AST
The parser in the upcoming chapter is responsible for turning Tokens into an abstract syntax tree (AST). It is much nicer to work on the AST compared to the source text.
All JavaScript toolings work on the AST level, for example:
- A linter (e.g. ESLint) checks the AST for errors
- A formatter (e.g.prettier) prints the AST back to JavaScript text
- A minifier (e.g. terser) transforms the AST
- A bundler connects all import and export statements between ASTs from different files
In this chapter, let's construct a JavaScript AST by using Rust structs and enums.
Getting familiar with the AST
To get ourselves comfortable with an AST, let's visit ASTExplorer and see what it looks like. On the top panel, select JavaScript, and then acorn
, type in var a
and we will see a tree view and a JSON view.
{
"type": "Program",
"start": 0,
"end": 5,
"body": [
{
"type": "VariableDeclaration",
"start": 0,
"end": 5,
"declarations": [
{
"type": "VariableDeclarator",
"start": 4,
"end": 5,
"id": {
"type": "Identifier",
"start": 4,
"end": 5,
"name": "a"
},
"init": null
}
],
"kind": "var"
}
],
"sourceType": "script"
}
Since this is a tree, every object is a node with a type name (e.g.

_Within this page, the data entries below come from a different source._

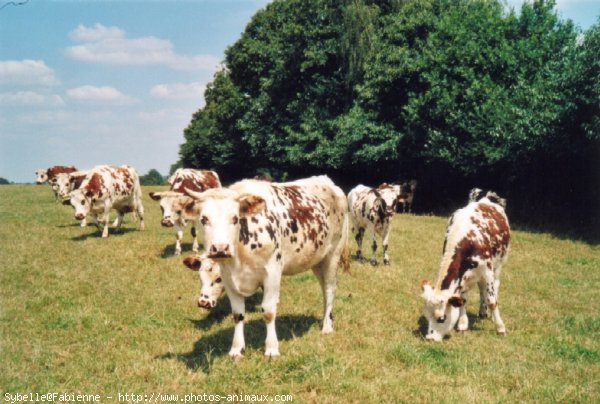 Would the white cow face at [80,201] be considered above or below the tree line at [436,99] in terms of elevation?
below

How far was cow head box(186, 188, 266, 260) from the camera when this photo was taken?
18.2 ft

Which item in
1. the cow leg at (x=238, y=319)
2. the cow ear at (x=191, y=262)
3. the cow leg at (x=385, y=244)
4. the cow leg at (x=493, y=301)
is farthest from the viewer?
the cow leg at (x=385, y=244)

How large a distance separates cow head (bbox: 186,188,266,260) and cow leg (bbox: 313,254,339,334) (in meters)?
2.45

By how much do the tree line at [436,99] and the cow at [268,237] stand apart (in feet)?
49.4

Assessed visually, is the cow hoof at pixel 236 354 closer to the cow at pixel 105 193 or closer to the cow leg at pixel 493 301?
the cow leg at pixel 493 301

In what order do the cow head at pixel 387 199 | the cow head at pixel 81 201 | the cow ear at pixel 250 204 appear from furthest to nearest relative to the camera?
the cow head at pixel 81 201, the cow head at pixel 387 199, the cow ear at pixel 250 204

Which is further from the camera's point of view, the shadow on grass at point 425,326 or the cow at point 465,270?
the shadow on grass at point 425,326

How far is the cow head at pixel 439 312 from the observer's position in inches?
A: 299

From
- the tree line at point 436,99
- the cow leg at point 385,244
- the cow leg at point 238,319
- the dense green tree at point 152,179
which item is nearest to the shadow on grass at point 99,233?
the cow leg at point 385,244

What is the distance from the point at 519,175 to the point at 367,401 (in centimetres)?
2270

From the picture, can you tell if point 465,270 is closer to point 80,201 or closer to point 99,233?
point 80,201

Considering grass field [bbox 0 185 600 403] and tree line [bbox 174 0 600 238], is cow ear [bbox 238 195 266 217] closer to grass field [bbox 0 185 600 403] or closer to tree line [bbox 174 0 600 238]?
grass field [bbox 0 185 600 403]

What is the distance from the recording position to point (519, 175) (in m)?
25.1

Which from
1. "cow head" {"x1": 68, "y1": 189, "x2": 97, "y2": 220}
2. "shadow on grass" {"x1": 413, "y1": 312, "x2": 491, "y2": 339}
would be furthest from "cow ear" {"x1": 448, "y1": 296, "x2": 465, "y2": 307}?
"cow head" {"x1": 68, "y1": 189, "x2": 97, "y2": 220} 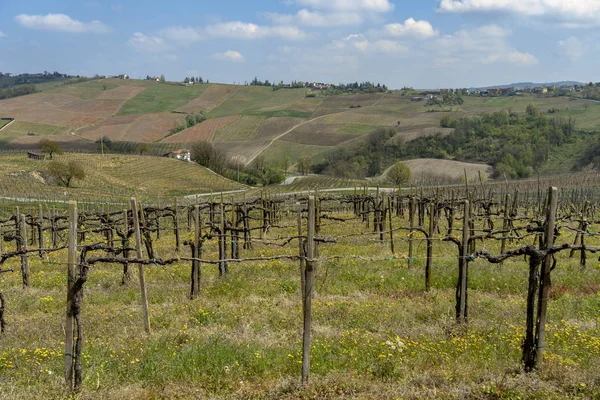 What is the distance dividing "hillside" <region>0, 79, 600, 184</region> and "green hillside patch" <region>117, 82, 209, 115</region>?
308mm

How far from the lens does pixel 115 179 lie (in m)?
66.4

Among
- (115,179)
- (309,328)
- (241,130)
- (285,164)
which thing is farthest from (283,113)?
(309,328)

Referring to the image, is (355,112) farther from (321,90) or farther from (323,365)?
(323,365)

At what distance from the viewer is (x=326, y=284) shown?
12031 millimetres

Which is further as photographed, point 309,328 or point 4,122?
point 4,122

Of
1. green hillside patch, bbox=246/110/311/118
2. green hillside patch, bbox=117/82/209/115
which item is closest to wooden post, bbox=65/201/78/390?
green hillside patch, bbox=246/110/311/118

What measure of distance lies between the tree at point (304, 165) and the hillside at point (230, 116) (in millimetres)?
4553

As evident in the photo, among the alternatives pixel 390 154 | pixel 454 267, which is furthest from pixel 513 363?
pixel 390 154

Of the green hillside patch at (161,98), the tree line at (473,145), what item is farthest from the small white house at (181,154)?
the green hillside patch at (161,98)

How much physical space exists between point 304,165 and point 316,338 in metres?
82.4

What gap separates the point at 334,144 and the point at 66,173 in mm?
61490

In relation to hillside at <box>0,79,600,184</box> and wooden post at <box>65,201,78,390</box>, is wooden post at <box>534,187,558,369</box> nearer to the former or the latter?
wooden post at <box>65,201,78,390</box>

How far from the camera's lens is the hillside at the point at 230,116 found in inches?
3989

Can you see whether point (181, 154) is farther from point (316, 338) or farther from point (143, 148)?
point (316, 338) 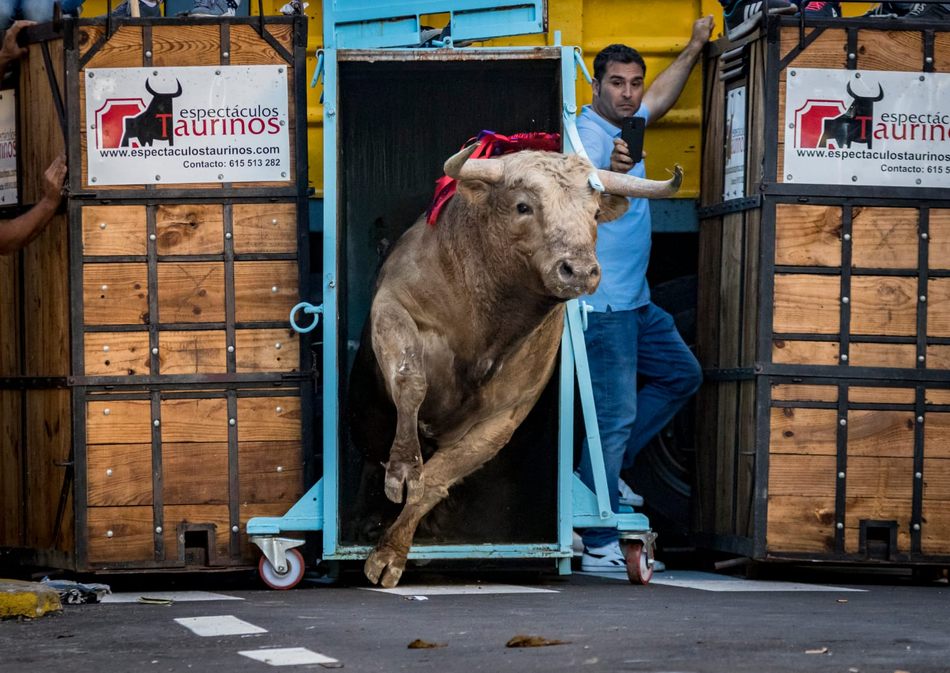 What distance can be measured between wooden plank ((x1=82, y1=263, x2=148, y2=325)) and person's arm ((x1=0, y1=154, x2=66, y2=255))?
1.00ft

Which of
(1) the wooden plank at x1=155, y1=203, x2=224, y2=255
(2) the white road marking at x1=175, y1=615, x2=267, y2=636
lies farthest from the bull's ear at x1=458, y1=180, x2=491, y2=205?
(2) the white road marking at x1=175, y1=615, x2=267, y2=636

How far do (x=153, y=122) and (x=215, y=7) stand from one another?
92 cm

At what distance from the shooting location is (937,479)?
27.2 feet

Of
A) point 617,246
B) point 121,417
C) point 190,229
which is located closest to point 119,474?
point 121,417

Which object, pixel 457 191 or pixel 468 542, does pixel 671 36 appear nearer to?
pixel 457 191

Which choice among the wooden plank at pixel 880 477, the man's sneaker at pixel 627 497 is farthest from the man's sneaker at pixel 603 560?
the wooden plank at pixel 880 477

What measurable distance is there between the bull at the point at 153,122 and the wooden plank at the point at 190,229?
304 millimetres

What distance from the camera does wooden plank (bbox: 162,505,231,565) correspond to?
26.3 ft

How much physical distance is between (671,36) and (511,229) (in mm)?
2395

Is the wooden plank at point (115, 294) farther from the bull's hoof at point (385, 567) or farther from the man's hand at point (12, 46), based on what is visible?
the bull's hoof at point (385, 567)

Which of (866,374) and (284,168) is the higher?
(284,168)

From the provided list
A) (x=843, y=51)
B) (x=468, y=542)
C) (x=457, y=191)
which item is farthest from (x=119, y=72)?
(x=843, y=51)

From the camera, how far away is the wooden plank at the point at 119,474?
8.01 meters

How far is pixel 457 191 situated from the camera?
7.82m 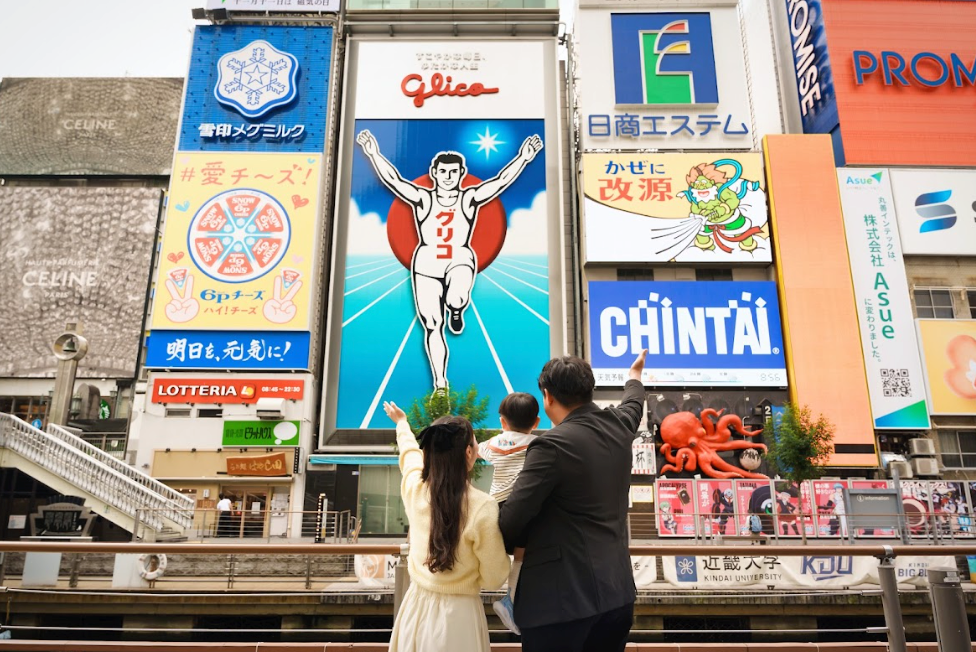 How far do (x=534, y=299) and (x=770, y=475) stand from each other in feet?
31.9

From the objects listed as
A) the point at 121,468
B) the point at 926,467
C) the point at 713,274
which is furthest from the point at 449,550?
the point at 926,467

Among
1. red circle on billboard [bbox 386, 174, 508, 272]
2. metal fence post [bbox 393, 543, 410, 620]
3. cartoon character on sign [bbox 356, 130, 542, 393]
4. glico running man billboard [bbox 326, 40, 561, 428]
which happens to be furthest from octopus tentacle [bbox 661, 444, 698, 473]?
metal fence post [bbox 393, 543, 410, 620]

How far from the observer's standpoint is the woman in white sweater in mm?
2482

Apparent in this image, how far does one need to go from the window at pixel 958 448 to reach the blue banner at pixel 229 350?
21227 millimetres


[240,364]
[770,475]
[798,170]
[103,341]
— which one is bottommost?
[770,475]

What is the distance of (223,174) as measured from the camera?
24.8m

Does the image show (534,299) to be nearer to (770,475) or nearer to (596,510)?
(770,475)

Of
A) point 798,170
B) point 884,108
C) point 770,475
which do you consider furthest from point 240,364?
point 884,108

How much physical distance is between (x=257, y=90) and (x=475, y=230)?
33.3 ft

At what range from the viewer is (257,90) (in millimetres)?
26062

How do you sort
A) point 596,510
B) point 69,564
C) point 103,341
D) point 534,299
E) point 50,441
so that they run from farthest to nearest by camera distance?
point 103,341 → point 534,299 → point 50,441 → point 69,564 → point 596,510

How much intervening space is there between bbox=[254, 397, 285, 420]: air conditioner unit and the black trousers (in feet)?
68.3

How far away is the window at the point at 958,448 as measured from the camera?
73.0 feet

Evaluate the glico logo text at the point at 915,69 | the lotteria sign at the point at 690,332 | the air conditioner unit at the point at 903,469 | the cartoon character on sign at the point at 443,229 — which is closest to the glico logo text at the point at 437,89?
the cartoon character on sign at the point at 443,229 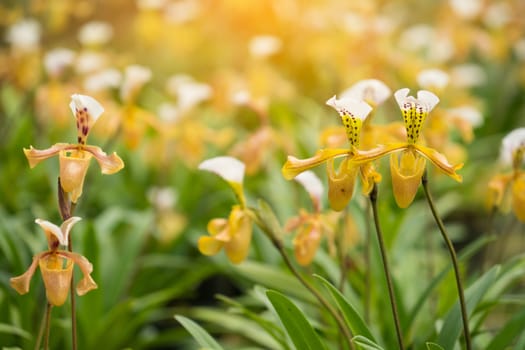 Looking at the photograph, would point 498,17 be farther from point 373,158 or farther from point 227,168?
point 373,158

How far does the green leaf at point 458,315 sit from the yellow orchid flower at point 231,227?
378mm

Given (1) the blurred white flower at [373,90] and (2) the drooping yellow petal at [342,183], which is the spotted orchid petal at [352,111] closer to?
(2) the drooping yellow petal at [342,183]

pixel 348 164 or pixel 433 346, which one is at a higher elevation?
pixel 348 164

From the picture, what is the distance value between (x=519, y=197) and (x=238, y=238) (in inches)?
20.6

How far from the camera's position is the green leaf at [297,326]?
3.84 ft

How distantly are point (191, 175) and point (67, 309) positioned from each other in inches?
40.0

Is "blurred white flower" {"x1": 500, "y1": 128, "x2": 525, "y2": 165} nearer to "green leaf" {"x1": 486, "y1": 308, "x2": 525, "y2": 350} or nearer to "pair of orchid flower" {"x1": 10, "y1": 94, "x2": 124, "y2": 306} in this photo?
"green leaf" {"x1": 486, "y1": 308, "x2": 525, "y2": 350}

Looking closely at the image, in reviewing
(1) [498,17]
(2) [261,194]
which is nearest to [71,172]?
(2) [261,194]

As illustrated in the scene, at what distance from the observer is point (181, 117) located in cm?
208

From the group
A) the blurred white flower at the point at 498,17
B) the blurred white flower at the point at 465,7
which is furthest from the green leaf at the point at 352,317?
the blurred white flower at the point at 498,17

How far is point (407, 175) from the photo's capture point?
0.99 meters

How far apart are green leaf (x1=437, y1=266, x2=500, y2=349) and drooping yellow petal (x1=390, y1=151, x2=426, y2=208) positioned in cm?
34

Program
, VariableDeclaration
, VariableDeclarator
, Identifier
). start
and end
are the offsets from the source.
estree
estree is a community standard grammar specification for JavaScript, it defines all the AST nodes so different tools can be compatible with each other.
The basic building block for any AST node is the Node
type:
#[derive(Debug, Default, Clone, Copy, Serialize, PartialEq, Eq)]
pub struct Node {
/// Start offset in source
pub start: usize,
/// End offset in source
pub end: usize,
}
impl Node {
pub fn new(start: usize, end: usize) -> Self {
Self { start, end }
}
}
AST for var a
is defined as
pub struct Program {
pub node: Node,
pub body: Vec<Statement>,
}
pub enum Statement {
VariableDeclarationStatement(VariableDeclaration),
}
pub struct VariableDeclaration {
pub node: Node,
pub declarations: Vec<VariableDeclarator>,
}
pub struct VariableDeclarator {
pub node: Node,
pub id: BindingIdentifier,
pub init: Option<Expression>,
}
pub struct BindingIdentifier {
pub node: Node,
pub name: String,
}
pub enum Expression {
}
Rust does not have inheritance, so Node
is added to each struct (this is called "composition over Inheritance").
Statement
s and Expression
s are enums because they will be expanded with a lot of other node types, for example:
pub enum Expression {
AwaitExpression(AwaitExpression),
YieldExpression(YieldExpression),
}
pub struct AwaitExpression {
pub node: Node,
pub expression: Box<Expression>,
}
pub struct YieldExpression {
pub node: Node,
pub expression: Box<Expression>,
}
The Box
is needed because self-referential structs are not allowed in Rust.
INFO
JavaScript grammar has a lot of nuisances, read the grammar tutorial for amusement.
Rust Optimizations
Memory Allocations
We need to look out for heap-allocated structs such as Vec
and Box
because heap allocations are not cheap.
Take a look at the real world implementation from swc, we can see that an AST can have lots of Box
s and Vec
s, and also note that the Statement
and Expression
enums contain a dozen of enum variants.
Enum Size
The first optimization we are going to make is to reduce the size of the enums.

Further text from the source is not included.